There are lots of "rules" to think about when composing an image. At its simplest, effective composition is mostly about arranging shapes. When you are thinking about a composition in front of your camera, it helps to remove the labels and view the scene in terms of just those shapes: the "shapes" that make up an image are the elements of visual design: line, shape, form, texture, pattern and colour. Looked at this way, even a simple pastoral scene of cattle grazing in a field becomes an exercise in those elements. of line and shape, of pattern and repetition, and of balance using visual weight.

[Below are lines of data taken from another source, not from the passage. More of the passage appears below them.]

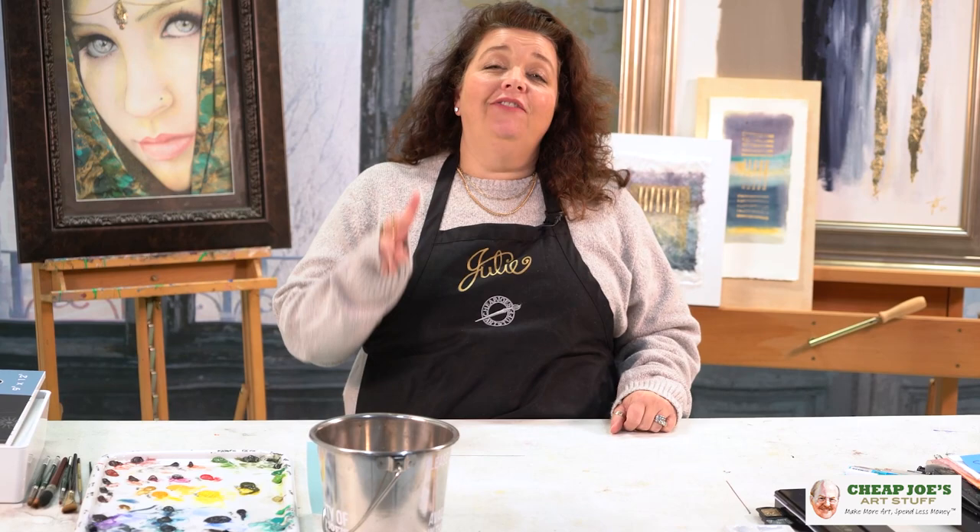Hello, welcome to CheapJose Art Stuff. My name is Julie and I'm here to impart some knowledge to you today via a two-minute art tip. And today's tip is about looking at your subjects in a new way.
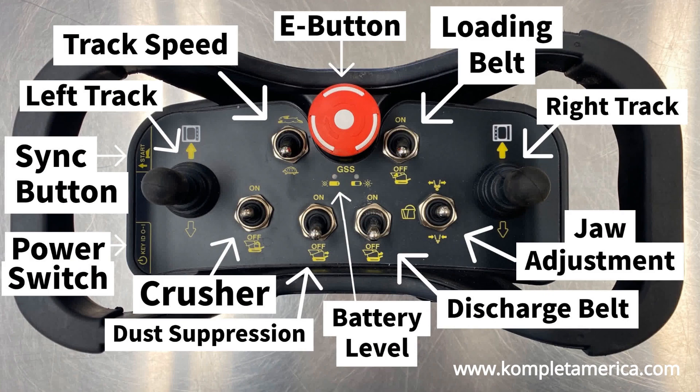The wireless remote controller is used to control the crawler tracks, loading conveyor belt, crusher, extraction conveyor belt, and start the dust suppression system. The emergency stop button on the wireless remote controller stops all machine functions except the diesel engine, which remains on.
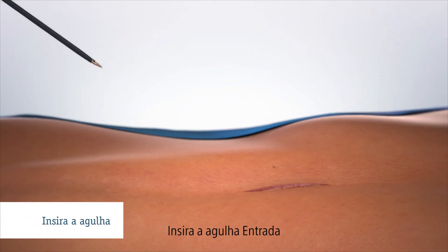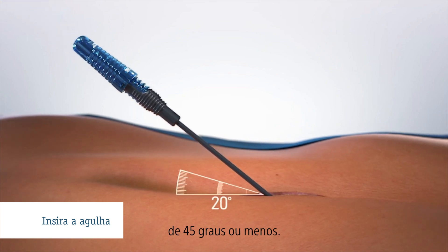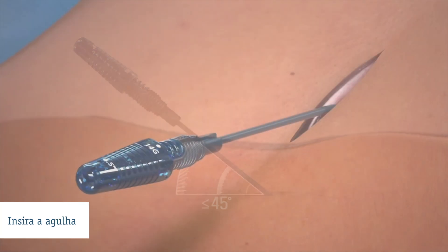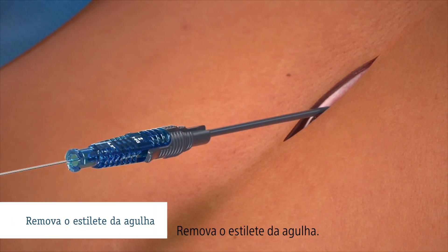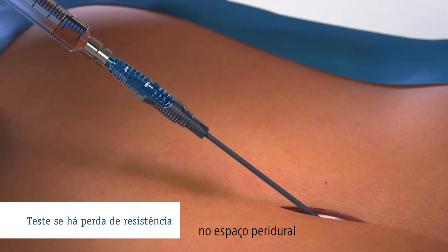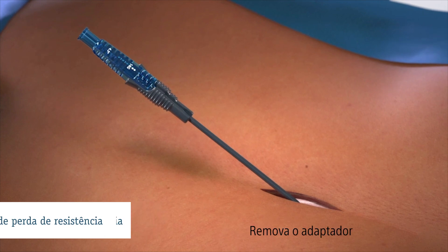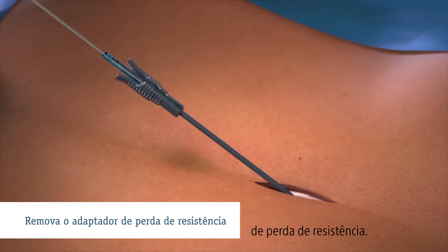Insert the Entrada needle into the epidural space using an angle of 45 degrees or less. Remove the needle stylet. Verify entry into the epidural space using the standard loss of resistance technique. Remove the loss of resistance adapter.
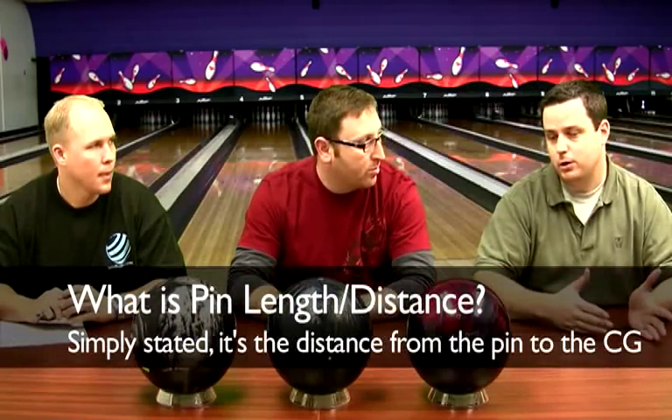Today we're going to talk about pin length. We get a lot of questions from people who get a ball that's, say, 0 to 1 inch pin and take it to a ball driller who doesn't want to drill it. We're talking about standard pin lengths and some pro pins that are actually longer than standard. There's still some misconception in the industry with pro shops thinking you only need a 2 to 3 inch pin or a 3 to 4 inch pin to make the ball do something. We're going to hopefully clear that up.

Tree trunks become a repeated pattern of lines, the curve of a hillside is repeated in the arrangement of animals along the hillside and in the curve of the fence which must also follow the curve of the hill. A group of trees, leafed out in early spring foliage becomes a subtle texture composed of different shades of green. The loan animal off to itself on the lower left, since it contrasts sharply with the surrounding grass, becomes a strong draw for the viewer’s eye. Elements that draw a viewer’s eye in this way are said to possess significant “visual weight”, and in this scene the animal on the left as sufficient visual weight to help balance a composition that would be otherwise be weighted more to the right. Aside from just helping to balance the composition, the lone cow also momentarily pulls the viewer's eye way from the other areas of visual interest in the scene, causing the viewer's eye to move continuously through the composition. Creating movement in an image amplifies visual interest, and helps holds a viewer's interest longer
Effective composition is easier when we learn to let go of simply what a thing is, and concentrate on the shapes that make up our images.